Tabby provides built-in distributed support for multi-node setups. This allows you to scale your Tabby deployment horizontally and distribute the workload across multiple GPU workers.

Start the Webserver​

Start the web server using the following command:

tabby serve --webserver

By doing so, the web server will operate without a model attached to it. If you send a POST request to /v1/completions, you will receive a 501 Not Implemented error.

Check the Cluster Information​

In the Cluster Information tab of the admin panel, you can see that there are no workers connected to the Tabby instance, except for the local code index.

Cluster Information

You'll also notice the Registration Token displayed on this page. This token is used to authenticate the worker nodes with the Tabby instance and will be referred to as TABBY_REGISTRATION_TOKEN in the following sections.

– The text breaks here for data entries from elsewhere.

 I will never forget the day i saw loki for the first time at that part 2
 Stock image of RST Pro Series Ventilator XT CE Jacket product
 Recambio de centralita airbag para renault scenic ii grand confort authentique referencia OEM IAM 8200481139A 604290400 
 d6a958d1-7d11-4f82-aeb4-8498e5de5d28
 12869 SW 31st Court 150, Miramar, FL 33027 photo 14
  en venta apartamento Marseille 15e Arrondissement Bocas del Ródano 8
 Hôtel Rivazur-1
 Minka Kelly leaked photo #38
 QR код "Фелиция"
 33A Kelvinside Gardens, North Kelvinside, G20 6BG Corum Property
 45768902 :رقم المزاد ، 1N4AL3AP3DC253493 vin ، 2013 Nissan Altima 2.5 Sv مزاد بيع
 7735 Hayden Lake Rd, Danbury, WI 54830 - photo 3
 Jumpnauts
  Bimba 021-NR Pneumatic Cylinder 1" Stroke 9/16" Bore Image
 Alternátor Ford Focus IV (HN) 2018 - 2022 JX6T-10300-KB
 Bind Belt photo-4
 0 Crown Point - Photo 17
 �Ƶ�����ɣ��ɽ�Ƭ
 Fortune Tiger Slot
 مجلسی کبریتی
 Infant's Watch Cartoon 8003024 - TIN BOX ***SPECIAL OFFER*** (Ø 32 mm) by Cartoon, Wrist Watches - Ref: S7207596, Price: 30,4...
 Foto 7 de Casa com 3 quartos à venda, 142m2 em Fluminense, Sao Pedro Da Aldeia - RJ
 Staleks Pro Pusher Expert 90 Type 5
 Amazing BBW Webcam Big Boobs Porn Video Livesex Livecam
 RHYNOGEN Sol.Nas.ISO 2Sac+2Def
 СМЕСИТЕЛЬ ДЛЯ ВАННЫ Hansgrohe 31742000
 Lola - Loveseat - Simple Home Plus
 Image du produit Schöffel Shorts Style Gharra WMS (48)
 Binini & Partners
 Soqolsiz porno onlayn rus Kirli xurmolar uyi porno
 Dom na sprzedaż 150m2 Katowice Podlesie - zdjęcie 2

Register a Completion Worker​

To register a worker, you need to run the following command:

# In this tutorial, we'll start the worker on the same machine as the web server.
export TABBY_REGISTRATION_TOKEN=<token from the admin panel>

tabby worker::completion \
--model StarCoder-1B \
--port 8081

After this command executes successfully, you should see the new worker in the Cluster Information tab. More workers can be added by running the same command on different machines to improve the concurrency of the system. Tabby will distribute the workload across all the workers.

(Optional) Register a Chat Worker​

Similarly, you can register a chat worker by running the following command to enable the chat playground.

tabby worker::chat \
--model Mistral-7B \
--port 8082

Once it's registered, you should see the Chat Playground entry under the avatar menu.